Typique de l’architecture commerciale de la fin du XIXe siècle, le « Centorial », nom porté depuis 1996 par l’immense édifice installé entre la rue du 4 septembre et le boulevard des Italiens au niveau de la rue de Gramont (2e arrondissement), est l’un des immeubles les plus majestueux de Paris. On part à la découverte de ce joyau architectural de la fin du XIXe siècle, témoin de l’époque où l’architecture bancaire était à son apogée.

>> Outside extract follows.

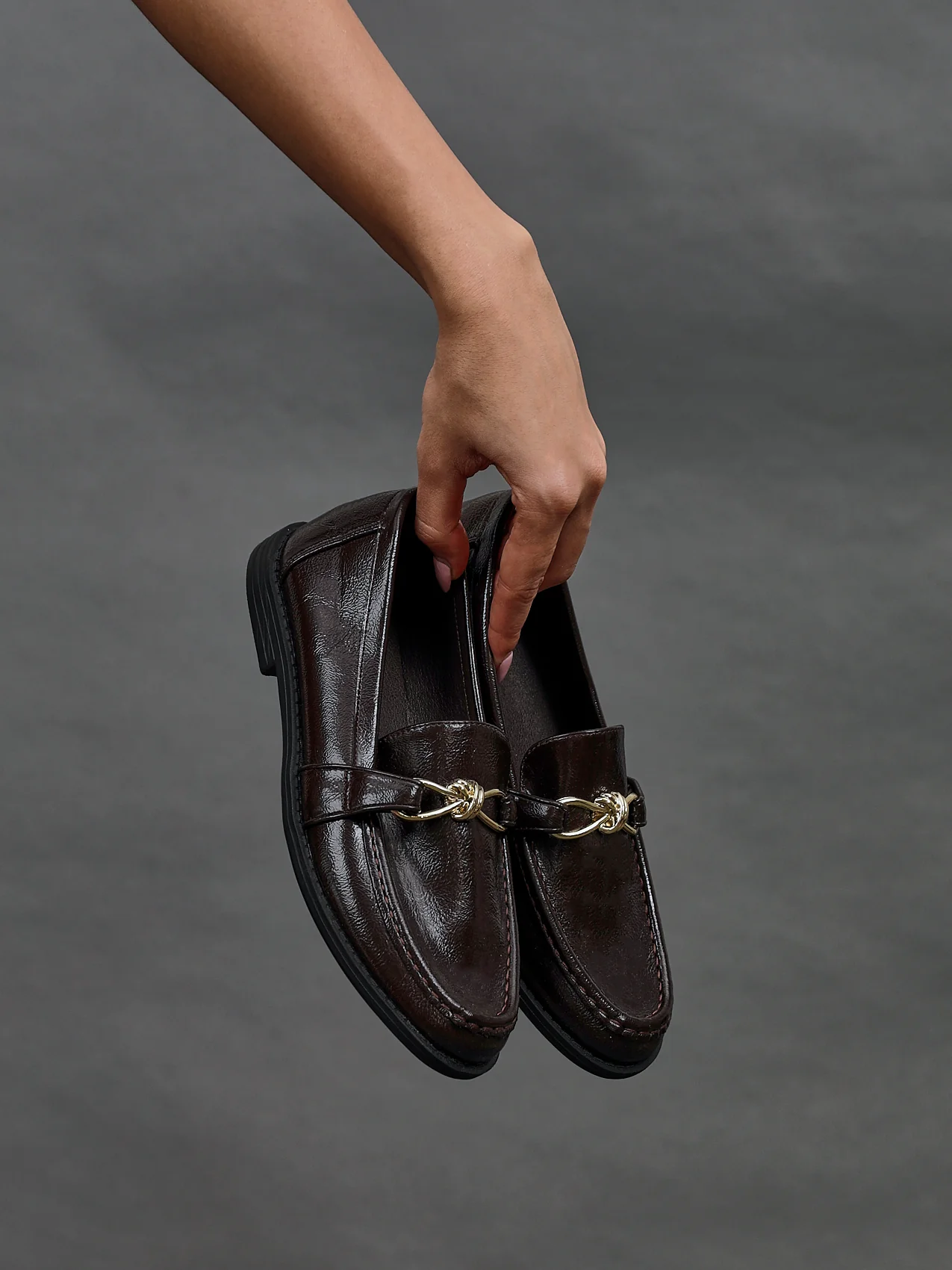 Affluent Brown Faux Leather Loafers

Un palais d’argent, image de marque du Crédit lyonnais
Situé entre le Palais Brongniart et l’Opéra Garnier, cet édifice érigé entre 1876 et 1913 est l’un des nombreux exemples de l’architecture bancaire de la fin du XIXe siècle dans le quartier. Il est pourtant l’un des rares à porter, près de 110 ans après son achèvement, tant d’éclat et de prestige. Cela, grâce à sa taille, d’abord : l’édifice occupe l’intégralité du quadrilatère formé par le boulevard des Italiens et les rues de Gramont, de Choiseul et du 4 septembre… soit près d’un hectare au coeur du 2e arrondissement ! Mais son prestige vient surtout de sa façade, digne des plus beaux palais parisiens.
Construit par et pour le Crédit lyonnais, l’édifice est l’oeuvre de deux architectes renommés : débutée par l’architecte néerlandais William Bouwens Van der Boijen – à qui l’on doit également le sublime hôtel particulier aujourd’hui occupé par le Musée Cernuschi – la construction sera finalisée par Victor Laloux, qui avait réalisé quelques années plus tôt la gare d’Orsay, actuel musée.

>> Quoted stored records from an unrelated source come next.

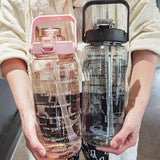 Maxbell Motivational Water Bottle with Carry Handle, Time Marker & Straw Purple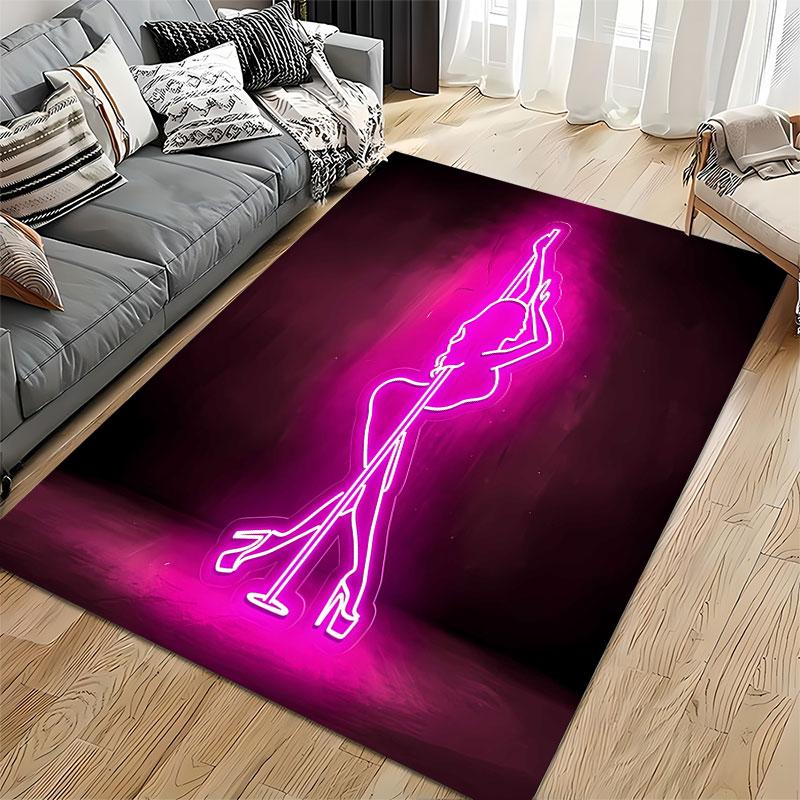 Neon Dance Silhouette Carpet suitable as a non-slip mat for the living room or bedroom sofa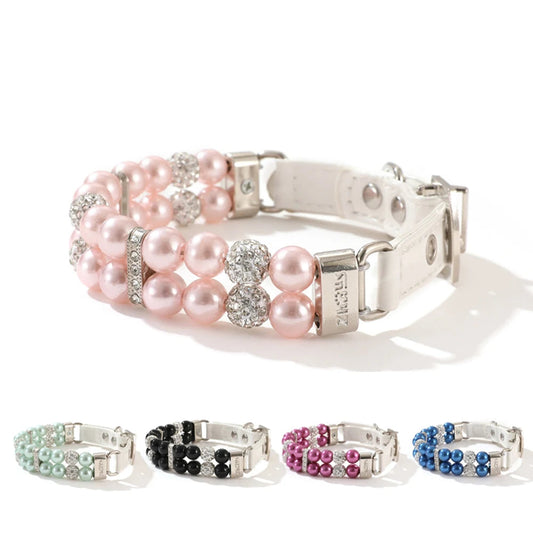 Sparkly Imitation Pearls Rhinestone Pet Collar-Catonomy-Catonomy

Sa création dans un style florissant typique de la période post-haussmannienne n’est pas le fruit du hasard ou une simple volonté d’être dans l’air du temps : les patrons du Crédit lyonnais voulaient que l’édifice soit suffisamment grand pour accueillir une foule de coffres-forts dans ses sous-sols (il y a cinq étages de sous-sol !), visible de loin pour attirer l’oeil et, surtout, aussi majestueux que possible afin d’en mettre plein la vue à de potentiels investisseurs. Et quoi de mieux que de s’inspirer des plus belles constructions françaises pour donner de l’éclat à un édifice ?

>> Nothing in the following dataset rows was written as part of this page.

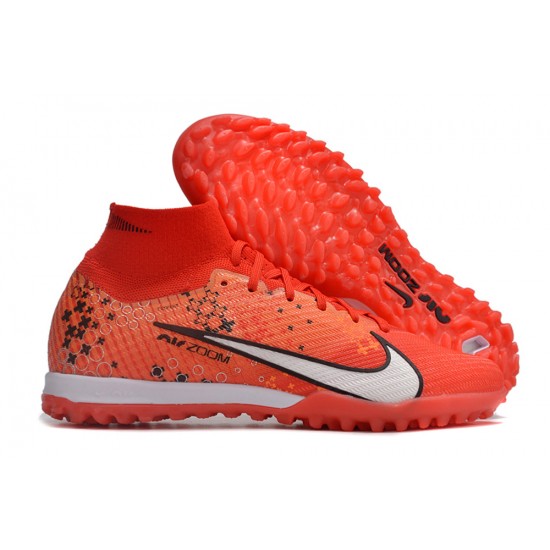 Nike Air Zoom Mercurial Superfly IX Elite TF High-top Orange Red Women And Men Soccer Cleats 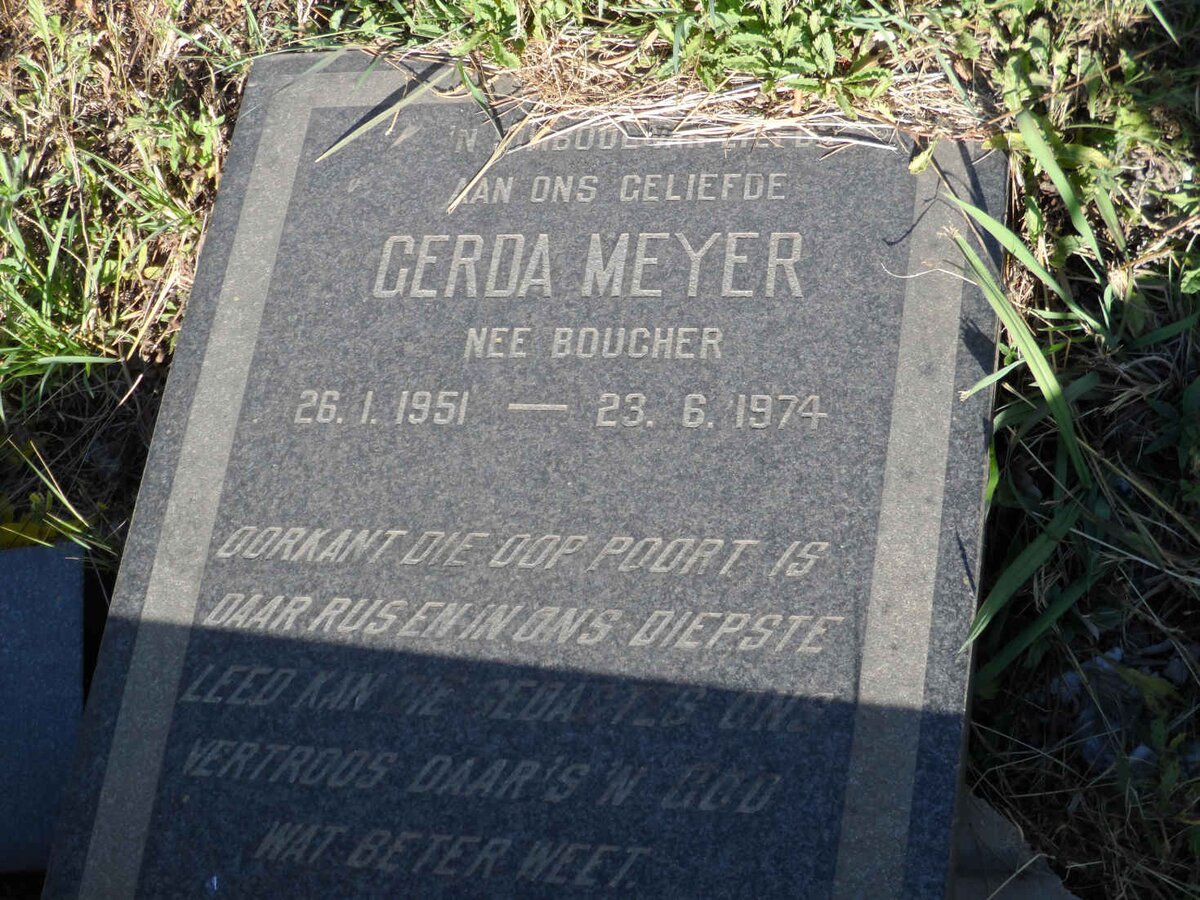 MEYER Gerda nee BOUCHER 1951-1974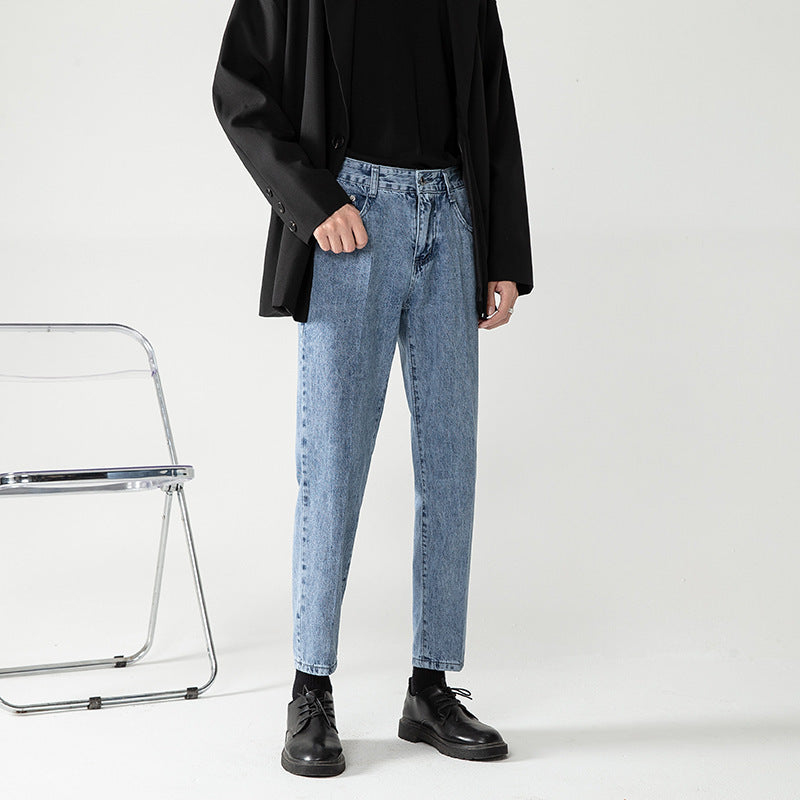 Men's Loose Straight Light Blue Cropped Pants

Une façade inspirée du Louvre…
Ainsi, la partie la plus ancienne, donnant sur le boulevard des Italiens, n’est autre qu’une reproduction libre du pavillon de l’Horloge du Louvre. On y retrouve le même agencement de façade, presque les mêmes cariatides, les mêmes colonnes corinthiennes, et une horloge très proche de celle du pavillon du Louvre. Les ornementations du siège du Crédit lyonnais sont certes un peu plus arrondies et il manque un étage à l’édifice, mais on n’est vraiment pas loin de la copie conforme !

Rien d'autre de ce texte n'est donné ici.